BETHAL THE HOUSE OF GOD

Hearing of this threat Jacob knows that he must run for his life, and so Rabekah (mother dear) comes running to his rescue. She deceives Isaac into sending Jacob to her brother Labon under the ruse that Jacob is going there to find a wife. For God forbid that her son should marry a pagan woman from one of those tribes that lived near them. Fooled by this story Isaac blesses Jacob and sends him on his way. When Esau hears that Jacob has both escaped his wrath and been blessed by their father to go get a proper wife, he runs out and to spite his parents marries a woman of pagan beliefs. And we thought disfunctional families were a modern occurance!

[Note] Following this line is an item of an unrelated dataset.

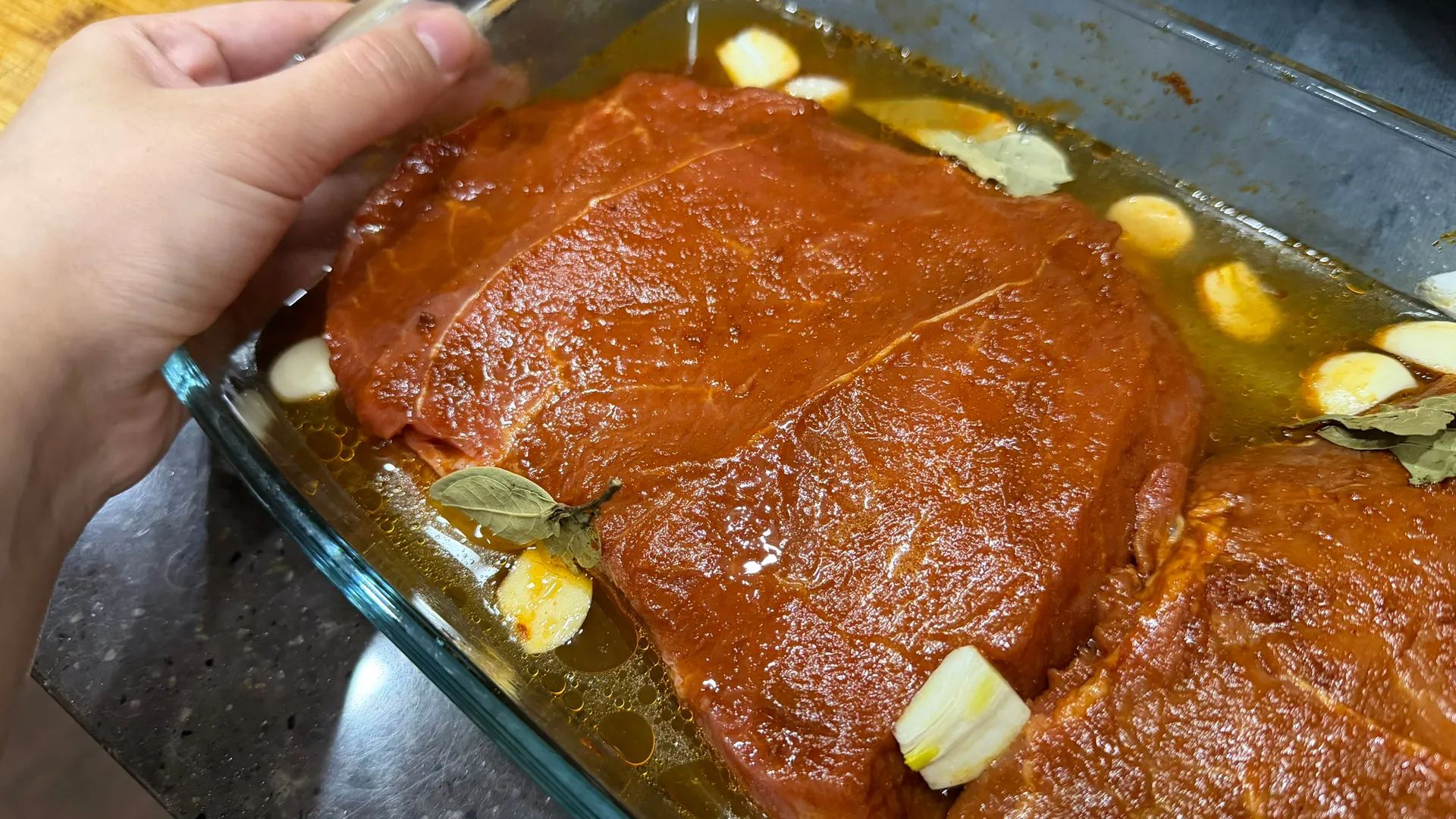 Всего 2 продукта для маринада: мясо и рыба получаются настолько нежными, что тают во рту — готовьте хоть шашлык, хоть стейк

Jacob has bought the birthright of the firstborn, he has stolen the firstborn blessing, but when he leaves his father’s tent he leaves with nothing. On his way to his uncle Labon Jacob stops for the night and lays down to sleep. While asleep he has a dream where he sees a ladder going up to heaven with angels going up and down on it. He than hears a voice saying to him: "I am the Lord, the God of Abraham your father and the God of Isaac; the land on which you lie I will give you and to your descendants; and your descendants shall be like the dust of the earth, and you shall spread abroad to the west and to the east and to the north and to the south; and by you and your descendants shall

all the families of the earth bless themselves."

Where God spoke to Rebekah the first time, now God speaks to Jacob directly. God claims that He is the God of Jacobs ancesters and that he Jacob was a child of promise. Jacob is amazed and crys out that "surely this is the house of God and I did not know it," so he calls the place Bethal, which in Hebrew means "house of God." But not wanting to let an opportunity like this pass him by, what would mother say, Jacob strikes up a bargain with God. If God will look after Jacob, help him prosper, and bring him safely home, than will he serve the God of his fathers. If Jacob is anything, he certainly is bold.

IN LABAN’S TENT

Finally Jacob comes to his uncle’s home town. This is hopeful time for Jacob. He is in a new land with a new people. His name is not known to them and therefore carries no soiled history. Here is a chance to start over, to make a new name for himself. With his uncle’s family he will try to deal honestly, for why repeat the deceitful events of home that left him with nothing but broken relationships. But all plans of both mice and men come to not when it comes to families and the names they bear. For you see the mother that had trained Jacob so well in the art of deceit has sent him to live with the very people who had trained her. Jacob is about to learn the hard way that if he thought his mother Rebekah was a good hustler, she’s got nothing next to her brother Labon.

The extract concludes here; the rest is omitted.